Data Storage: Setting up GCS

Last updated on 2025-09-22 | Edit this page

Overview

Questions

How can I store and manage data effectively in GCP for Vertex AI workflows?
What are the advantages of Google Cloud Storage (GCS) compared to local or VM storage for machine learning projects?

Objectives

Explain data storage options in GCP for machine learning projects.
Describe the advantages of GCS for large datasets and collaborative workflows.
Outline steps to set up a GCS bucket and manage data within Vertex AI.

Storing data on GCP

Machine learning and AI projects rely on data, making efficient storage and management essential. Google Cloud offers several storage options, but the most common for ML workflows are persistent disks (attached to Compute Engine VMs or Vertex AI Workbench) and Google Cloud Storage (GCS) buckets.

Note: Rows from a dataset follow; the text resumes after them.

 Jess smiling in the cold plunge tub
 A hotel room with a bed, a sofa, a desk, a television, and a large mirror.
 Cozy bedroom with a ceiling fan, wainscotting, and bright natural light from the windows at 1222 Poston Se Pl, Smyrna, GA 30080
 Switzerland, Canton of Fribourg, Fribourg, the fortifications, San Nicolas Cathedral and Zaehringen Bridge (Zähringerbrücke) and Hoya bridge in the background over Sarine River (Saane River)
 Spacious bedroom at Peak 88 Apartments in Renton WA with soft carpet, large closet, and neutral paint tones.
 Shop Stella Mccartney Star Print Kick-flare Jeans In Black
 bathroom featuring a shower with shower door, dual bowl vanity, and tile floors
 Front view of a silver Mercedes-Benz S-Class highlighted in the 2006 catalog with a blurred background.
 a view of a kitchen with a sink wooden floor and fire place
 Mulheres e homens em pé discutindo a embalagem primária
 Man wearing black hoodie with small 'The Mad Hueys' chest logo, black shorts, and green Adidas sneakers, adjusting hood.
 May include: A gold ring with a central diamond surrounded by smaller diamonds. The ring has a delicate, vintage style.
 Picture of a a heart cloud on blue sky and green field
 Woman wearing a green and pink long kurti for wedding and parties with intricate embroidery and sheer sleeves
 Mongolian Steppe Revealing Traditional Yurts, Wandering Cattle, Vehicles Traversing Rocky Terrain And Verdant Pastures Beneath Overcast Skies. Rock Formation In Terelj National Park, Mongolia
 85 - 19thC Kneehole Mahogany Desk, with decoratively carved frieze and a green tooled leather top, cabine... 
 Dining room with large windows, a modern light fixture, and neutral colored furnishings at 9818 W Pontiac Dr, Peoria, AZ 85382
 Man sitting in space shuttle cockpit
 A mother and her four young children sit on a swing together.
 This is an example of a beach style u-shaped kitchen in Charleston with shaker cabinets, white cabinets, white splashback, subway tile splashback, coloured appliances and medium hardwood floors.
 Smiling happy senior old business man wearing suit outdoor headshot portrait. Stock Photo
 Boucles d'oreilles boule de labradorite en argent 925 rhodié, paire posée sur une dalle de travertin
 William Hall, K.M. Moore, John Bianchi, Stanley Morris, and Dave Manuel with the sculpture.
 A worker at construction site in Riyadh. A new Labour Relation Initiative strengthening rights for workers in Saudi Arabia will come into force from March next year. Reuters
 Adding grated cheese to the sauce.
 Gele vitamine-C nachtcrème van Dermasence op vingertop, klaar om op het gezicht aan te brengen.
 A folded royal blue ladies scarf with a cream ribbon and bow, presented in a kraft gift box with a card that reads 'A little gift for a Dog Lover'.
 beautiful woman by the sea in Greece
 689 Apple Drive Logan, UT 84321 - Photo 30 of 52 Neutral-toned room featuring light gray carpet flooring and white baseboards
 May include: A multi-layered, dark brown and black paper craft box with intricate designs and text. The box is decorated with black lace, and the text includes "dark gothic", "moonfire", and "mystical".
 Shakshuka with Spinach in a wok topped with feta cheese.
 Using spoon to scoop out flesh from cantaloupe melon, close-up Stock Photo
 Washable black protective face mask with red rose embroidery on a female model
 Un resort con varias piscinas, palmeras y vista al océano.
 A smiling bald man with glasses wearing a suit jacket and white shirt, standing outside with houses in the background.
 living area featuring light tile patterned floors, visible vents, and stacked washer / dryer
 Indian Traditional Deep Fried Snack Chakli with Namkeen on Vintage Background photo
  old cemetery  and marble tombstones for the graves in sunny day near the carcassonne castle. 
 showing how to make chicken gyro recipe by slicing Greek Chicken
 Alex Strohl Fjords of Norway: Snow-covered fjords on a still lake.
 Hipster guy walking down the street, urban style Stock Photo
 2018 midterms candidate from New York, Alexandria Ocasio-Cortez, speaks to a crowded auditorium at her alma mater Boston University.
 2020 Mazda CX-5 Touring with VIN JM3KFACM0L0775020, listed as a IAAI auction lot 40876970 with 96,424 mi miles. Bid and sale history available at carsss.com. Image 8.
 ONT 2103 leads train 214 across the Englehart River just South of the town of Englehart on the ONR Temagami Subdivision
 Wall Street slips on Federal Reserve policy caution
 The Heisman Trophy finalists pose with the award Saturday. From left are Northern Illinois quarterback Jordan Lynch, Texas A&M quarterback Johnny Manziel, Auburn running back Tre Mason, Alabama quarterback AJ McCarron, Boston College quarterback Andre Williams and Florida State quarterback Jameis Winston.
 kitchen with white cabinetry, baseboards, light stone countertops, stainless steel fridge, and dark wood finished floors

Consult your institution’s IT before handling sensitive data in GCP

As with AWS, do not upload restricted or sensitive data to GCP services unless explicitly approved by your institution’s IT or cloud security team. For regulated datasets (HIPAA, FERPA, proprietary), work with your institution to ensure encryption, restricted access, and compliance with policies.

Options for storage: VM Disks or GCS

What is a VM persistent disk?

A persistent disk is the storage volume attached to a Compute Engine VM or a Vertex AI Workbench notebook. It can store datasets and intermediate results, but it is tied to the lifecycle of the VM.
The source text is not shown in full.